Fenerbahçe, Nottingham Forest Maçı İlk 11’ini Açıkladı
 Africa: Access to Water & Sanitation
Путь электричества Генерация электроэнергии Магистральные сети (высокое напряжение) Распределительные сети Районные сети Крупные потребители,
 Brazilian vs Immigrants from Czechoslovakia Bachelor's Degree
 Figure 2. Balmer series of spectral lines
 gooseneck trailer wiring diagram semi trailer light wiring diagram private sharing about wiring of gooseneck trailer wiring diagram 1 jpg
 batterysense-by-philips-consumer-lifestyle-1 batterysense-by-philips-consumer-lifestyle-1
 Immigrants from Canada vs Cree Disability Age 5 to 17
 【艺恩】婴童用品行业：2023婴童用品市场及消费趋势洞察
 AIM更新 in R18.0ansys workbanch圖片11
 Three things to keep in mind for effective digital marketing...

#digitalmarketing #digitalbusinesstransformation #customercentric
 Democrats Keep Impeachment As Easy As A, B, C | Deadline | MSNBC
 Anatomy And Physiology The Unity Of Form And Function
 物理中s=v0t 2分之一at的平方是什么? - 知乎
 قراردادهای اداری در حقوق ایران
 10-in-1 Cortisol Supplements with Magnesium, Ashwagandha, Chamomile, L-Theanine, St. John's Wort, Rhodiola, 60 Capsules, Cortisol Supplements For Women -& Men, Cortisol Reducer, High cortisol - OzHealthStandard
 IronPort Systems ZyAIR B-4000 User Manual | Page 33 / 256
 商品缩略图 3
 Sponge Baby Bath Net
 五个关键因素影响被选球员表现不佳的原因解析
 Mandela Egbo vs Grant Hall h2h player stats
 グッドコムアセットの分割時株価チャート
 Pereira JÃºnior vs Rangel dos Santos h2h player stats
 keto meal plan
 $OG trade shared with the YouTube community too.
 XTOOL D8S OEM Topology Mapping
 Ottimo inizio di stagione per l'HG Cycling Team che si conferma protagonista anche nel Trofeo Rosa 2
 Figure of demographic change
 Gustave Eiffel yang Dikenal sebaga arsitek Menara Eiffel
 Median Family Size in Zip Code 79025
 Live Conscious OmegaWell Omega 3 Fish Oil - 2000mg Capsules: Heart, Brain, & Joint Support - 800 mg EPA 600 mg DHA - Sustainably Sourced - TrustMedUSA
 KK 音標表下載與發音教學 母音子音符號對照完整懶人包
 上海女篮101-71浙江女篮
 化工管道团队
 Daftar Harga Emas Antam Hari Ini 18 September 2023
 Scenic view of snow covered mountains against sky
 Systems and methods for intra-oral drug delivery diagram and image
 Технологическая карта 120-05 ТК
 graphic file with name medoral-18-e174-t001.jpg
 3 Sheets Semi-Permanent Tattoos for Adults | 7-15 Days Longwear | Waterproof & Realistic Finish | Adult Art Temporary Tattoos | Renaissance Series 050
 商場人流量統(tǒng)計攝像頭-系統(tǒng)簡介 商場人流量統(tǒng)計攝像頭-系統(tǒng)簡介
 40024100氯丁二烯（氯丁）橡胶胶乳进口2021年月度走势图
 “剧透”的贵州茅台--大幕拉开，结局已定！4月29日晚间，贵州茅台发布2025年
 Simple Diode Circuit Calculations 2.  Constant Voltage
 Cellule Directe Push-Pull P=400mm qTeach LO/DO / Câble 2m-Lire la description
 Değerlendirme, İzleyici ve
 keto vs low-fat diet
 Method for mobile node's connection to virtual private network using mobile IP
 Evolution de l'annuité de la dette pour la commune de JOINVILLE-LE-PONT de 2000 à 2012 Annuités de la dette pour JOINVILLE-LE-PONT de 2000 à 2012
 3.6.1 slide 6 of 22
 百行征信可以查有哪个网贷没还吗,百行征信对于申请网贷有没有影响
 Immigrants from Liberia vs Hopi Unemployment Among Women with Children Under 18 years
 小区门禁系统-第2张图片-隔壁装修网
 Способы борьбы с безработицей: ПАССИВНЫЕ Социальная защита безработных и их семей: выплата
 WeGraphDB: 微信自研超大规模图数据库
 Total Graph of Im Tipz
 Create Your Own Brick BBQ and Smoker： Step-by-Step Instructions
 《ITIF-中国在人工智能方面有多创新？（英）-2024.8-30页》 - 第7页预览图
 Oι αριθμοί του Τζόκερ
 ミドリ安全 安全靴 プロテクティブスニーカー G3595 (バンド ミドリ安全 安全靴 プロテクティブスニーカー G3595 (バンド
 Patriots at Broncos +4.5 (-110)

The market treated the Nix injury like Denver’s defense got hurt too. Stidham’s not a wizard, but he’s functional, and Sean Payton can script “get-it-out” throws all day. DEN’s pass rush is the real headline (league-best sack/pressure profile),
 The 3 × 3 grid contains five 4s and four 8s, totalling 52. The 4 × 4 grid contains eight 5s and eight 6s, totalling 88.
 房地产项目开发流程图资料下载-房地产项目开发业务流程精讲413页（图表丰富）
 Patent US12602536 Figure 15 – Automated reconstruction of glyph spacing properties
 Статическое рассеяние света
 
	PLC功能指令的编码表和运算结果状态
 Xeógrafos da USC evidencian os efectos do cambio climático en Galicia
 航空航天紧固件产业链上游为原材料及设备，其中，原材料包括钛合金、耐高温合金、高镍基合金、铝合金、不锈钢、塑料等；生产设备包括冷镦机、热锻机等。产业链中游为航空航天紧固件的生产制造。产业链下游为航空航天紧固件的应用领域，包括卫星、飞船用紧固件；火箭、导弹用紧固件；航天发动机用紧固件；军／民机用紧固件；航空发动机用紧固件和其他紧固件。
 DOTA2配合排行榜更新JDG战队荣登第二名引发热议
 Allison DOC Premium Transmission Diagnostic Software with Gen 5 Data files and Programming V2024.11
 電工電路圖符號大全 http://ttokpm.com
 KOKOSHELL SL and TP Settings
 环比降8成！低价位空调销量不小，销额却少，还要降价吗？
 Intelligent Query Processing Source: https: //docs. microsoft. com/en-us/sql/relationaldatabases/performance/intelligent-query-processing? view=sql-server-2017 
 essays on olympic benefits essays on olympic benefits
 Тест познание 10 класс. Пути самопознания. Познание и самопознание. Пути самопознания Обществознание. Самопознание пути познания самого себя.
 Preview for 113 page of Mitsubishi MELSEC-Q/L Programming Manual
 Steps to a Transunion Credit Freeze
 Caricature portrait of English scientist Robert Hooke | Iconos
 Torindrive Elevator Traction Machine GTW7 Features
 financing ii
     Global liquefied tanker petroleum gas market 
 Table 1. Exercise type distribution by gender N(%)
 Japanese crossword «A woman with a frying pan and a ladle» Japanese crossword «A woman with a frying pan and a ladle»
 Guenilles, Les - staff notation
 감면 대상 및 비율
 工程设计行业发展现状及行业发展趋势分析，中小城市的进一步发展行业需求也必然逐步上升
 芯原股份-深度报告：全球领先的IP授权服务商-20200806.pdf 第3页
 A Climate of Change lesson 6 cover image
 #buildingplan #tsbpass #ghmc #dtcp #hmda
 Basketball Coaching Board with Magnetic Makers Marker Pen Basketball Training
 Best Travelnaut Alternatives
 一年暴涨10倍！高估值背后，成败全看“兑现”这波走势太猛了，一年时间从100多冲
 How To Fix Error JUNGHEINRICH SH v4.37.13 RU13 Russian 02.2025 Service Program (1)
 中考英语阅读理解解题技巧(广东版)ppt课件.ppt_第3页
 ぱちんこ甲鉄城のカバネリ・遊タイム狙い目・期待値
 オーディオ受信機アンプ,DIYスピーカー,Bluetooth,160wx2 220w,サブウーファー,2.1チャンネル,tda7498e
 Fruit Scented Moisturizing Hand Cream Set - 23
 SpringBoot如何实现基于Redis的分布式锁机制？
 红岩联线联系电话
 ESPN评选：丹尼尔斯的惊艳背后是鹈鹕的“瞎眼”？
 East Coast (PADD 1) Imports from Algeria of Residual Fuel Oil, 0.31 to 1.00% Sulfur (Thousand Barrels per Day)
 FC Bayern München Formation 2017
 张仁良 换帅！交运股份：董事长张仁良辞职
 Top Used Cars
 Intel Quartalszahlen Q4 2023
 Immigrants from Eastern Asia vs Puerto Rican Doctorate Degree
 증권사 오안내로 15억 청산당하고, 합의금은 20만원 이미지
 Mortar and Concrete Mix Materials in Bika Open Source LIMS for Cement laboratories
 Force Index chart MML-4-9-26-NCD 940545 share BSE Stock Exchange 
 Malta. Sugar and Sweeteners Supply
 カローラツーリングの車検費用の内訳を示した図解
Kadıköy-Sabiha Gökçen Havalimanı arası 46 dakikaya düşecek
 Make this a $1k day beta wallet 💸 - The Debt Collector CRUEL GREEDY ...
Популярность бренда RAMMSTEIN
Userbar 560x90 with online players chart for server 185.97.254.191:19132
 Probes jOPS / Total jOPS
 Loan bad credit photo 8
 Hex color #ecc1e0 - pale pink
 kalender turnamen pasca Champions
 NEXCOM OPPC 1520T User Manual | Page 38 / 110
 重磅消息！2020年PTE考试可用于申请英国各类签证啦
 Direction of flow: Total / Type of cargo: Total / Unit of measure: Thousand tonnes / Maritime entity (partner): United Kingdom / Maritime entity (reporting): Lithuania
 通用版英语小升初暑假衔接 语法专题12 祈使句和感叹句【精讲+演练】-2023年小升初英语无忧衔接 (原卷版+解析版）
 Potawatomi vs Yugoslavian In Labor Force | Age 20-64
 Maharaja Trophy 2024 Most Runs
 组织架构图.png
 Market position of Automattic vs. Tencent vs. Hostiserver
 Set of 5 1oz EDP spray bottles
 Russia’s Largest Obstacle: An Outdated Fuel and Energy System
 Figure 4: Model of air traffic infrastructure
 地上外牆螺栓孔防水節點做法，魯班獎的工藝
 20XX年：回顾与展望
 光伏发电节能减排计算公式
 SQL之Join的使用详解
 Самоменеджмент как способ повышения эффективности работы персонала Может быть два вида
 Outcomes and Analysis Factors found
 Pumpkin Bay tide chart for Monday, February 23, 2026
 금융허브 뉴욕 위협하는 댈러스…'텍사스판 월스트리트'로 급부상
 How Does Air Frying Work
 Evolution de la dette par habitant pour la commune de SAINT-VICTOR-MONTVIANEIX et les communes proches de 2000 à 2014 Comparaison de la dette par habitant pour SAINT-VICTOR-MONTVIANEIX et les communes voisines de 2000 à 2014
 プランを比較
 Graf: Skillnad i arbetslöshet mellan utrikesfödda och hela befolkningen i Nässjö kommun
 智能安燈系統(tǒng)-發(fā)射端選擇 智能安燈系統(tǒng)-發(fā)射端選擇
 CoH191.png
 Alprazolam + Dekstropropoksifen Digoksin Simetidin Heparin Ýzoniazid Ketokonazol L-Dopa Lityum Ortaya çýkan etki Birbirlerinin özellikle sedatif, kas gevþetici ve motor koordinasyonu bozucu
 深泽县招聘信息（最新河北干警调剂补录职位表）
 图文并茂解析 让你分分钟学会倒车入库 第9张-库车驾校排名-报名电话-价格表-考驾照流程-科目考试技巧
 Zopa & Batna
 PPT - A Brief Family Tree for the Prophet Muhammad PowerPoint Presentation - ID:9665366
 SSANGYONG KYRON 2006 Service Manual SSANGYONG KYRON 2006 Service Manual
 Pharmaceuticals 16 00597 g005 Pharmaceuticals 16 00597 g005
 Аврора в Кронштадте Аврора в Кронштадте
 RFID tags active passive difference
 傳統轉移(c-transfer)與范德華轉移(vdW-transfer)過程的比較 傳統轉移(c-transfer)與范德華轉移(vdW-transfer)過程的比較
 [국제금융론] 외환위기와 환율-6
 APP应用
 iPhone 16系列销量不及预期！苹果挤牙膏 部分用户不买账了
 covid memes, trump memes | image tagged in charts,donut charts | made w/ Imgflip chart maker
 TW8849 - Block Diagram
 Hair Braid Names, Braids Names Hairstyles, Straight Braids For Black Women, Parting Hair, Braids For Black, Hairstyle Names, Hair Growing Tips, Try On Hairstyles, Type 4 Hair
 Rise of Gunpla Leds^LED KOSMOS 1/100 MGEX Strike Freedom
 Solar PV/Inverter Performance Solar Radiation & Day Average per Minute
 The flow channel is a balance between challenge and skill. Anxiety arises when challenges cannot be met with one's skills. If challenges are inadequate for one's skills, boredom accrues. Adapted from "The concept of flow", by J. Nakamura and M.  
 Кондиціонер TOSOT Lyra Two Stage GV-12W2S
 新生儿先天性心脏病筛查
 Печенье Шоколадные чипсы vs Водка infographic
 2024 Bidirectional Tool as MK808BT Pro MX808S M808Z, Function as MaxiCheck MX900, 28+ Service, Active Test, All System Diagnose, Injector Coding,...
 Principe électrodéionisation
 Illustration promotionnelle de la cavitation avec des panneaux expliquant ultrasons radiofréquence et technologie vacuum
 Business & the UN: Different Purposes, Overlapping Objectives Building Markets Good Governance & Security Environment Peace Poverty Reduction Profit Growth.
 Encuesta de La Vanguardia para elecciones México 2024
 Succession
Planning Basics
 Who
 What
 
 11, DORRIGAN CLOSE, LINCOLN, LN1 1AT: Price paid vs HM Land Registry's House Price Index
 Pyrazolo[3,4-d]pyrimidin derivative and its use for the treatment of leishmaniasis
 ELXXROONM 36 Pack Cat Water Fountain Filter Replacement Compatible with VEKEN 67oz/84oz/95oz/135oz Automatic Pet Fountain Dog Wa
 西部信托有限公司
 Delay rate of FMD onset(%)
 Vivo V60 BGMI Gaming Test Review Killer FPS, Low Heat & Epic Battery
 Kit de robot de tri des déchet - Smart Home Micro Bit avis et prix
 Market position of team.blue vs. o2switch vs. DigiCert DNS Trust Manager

What you are asked to do: Which lines above include the word "Service"? Show each one.

Your response:
 How To Fix Error JUNGHEINRICH SH v4.37.13 RU13 Russian 02.2025 Service Program (1)
 SSANGYONG KYRON 2006 Service Manual SSANGYONG KYRON 2006 Service Manual
 2024 Bidirectional Tool as MK808BT Pro MX808S M808Z, Function as MaxiCheck MX900, 28+ Service, Active Test, All System Diagnose, Injector Coding,...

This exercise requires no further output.